A picture is nothing but a bridge between the soul of the artist and that of the spectator.
How can this world, which is so beautiful, include so much horror?
Experience has two things to teach. The first is that we must correct a great deal and the second, that we must not correct too much.
The artist who aims at perfection in everything achieves it in nothing.
Seeing artistically does not happen automatically. We must constantly develop our powers of observation.
The secret of not having worries, for me at least, is to have ideas.
We work not only to produce, but to give value to time.
Talent does whatever it wants to do. Genius does only what it can.
The first virtue of a painting is to be a feast for the eyes.
Even when we look at nature, our imagination constructs the picture.
If one considered life as a simple loan, one would perhaps be less exacting. We possess actually nothing; everything goes through us.
When a thing bores you, do not do it.
Nourish yourself with grand and austere ideas of beauty that feed the soul Seek solitude.
Mediocre people have an answer for everything and are astonished at nothing. They always want to have the air of knowing better than you what you are going to tell them; when, in their turn, they begin to speak, they repeat to you with the greatest confidence, as if dealing with their own property, the things that they have heard you say yourself at some other place. A capable and superior look is the natural accompaniment of this type of character.
What moves those of genius, what inspires their work is not new ideas, but their obsession with the idea that what has already been said is still not enough.
The source of genius is imagination alone, the refinement of the senses that sees what others do not see, or sees them differently.
One never paints violently enough.
Everything is a subject; the subject is yourself.
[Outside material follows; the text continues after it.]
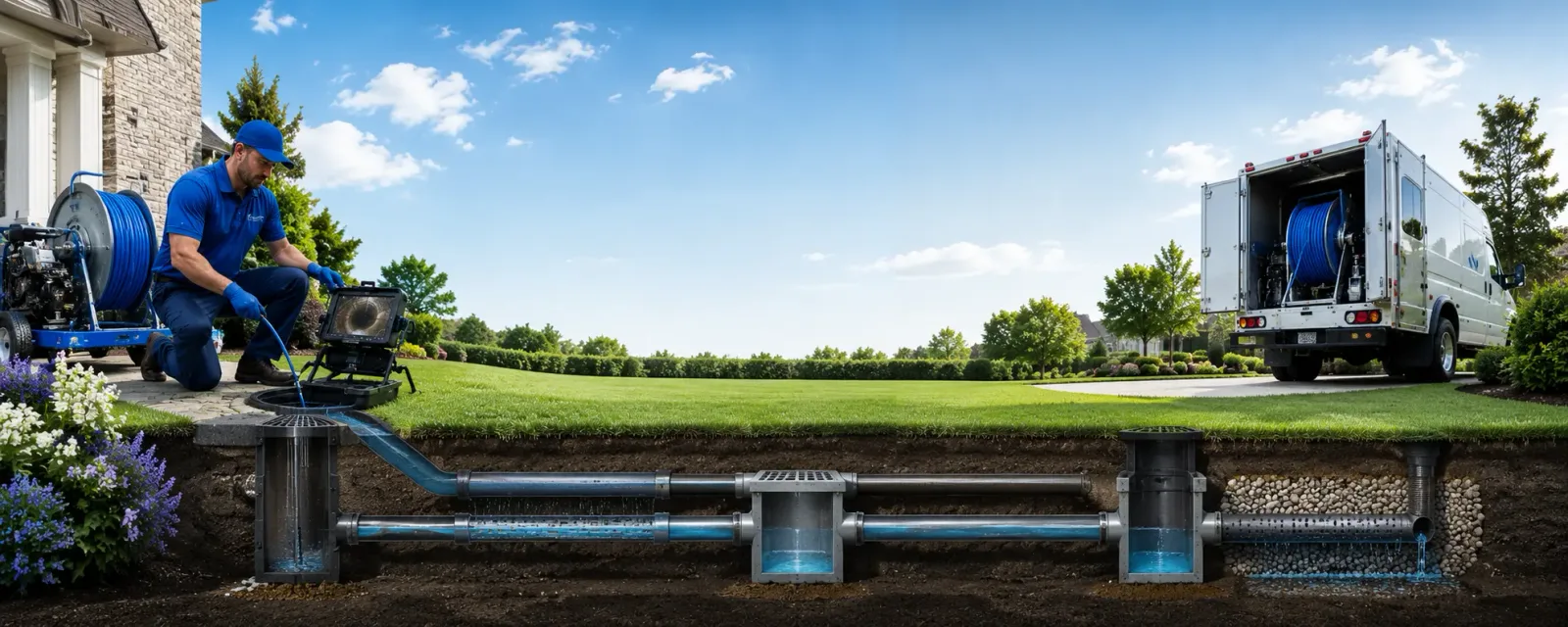 Outdoor drain cleaning information for Woodbine, MD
It is within yourself that you must look and not around you... The greatest happiness is to reveal it to others, to study oneself, to paint oneself continually in [one's] work.
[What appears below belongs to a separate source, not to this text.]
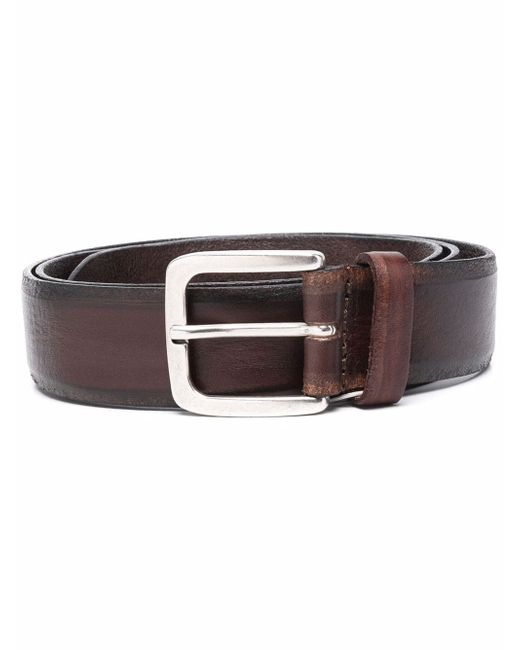 Woolrich buckled leather belt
It is only possible to speak in the language and in the spirit of one's time.
[Photography is] in some ways false just because it is so exact.
The outcome of my days is always the same; an infinite desire for what one never gets; a void one cannot fill; an utter yearning to produce in all ways, to battle as much as possible against time that drags us along, and the distractions that throw a veil over our soul.
Cold exactitude is not art... The so-called consciousness of the majority of painters is only perfection applied to the art of boring. People like that, if they could, would work with the same minute attention on the back of their canvas.
If you are not skillful enough to sketch a man jumping out of a window in the time it takes him to fall from the fourth storey to the ground, you will never be able to produce great works.
What is real for me are the illusions I create with my paintings. Everything else is quicksand.
You increase your self-respect when you feel you've done everything you ought to have done, and if there is nothing else to enjoy, there remains that chief of pleasures, the feeling of being pleased with oneself. A man gets an immense amount of satisfaction from the knowledge of having done good work and of having made the best use of his day, and when I am in this state I find that I thoroughly enjoy my rest and even the mildest forms of recreation.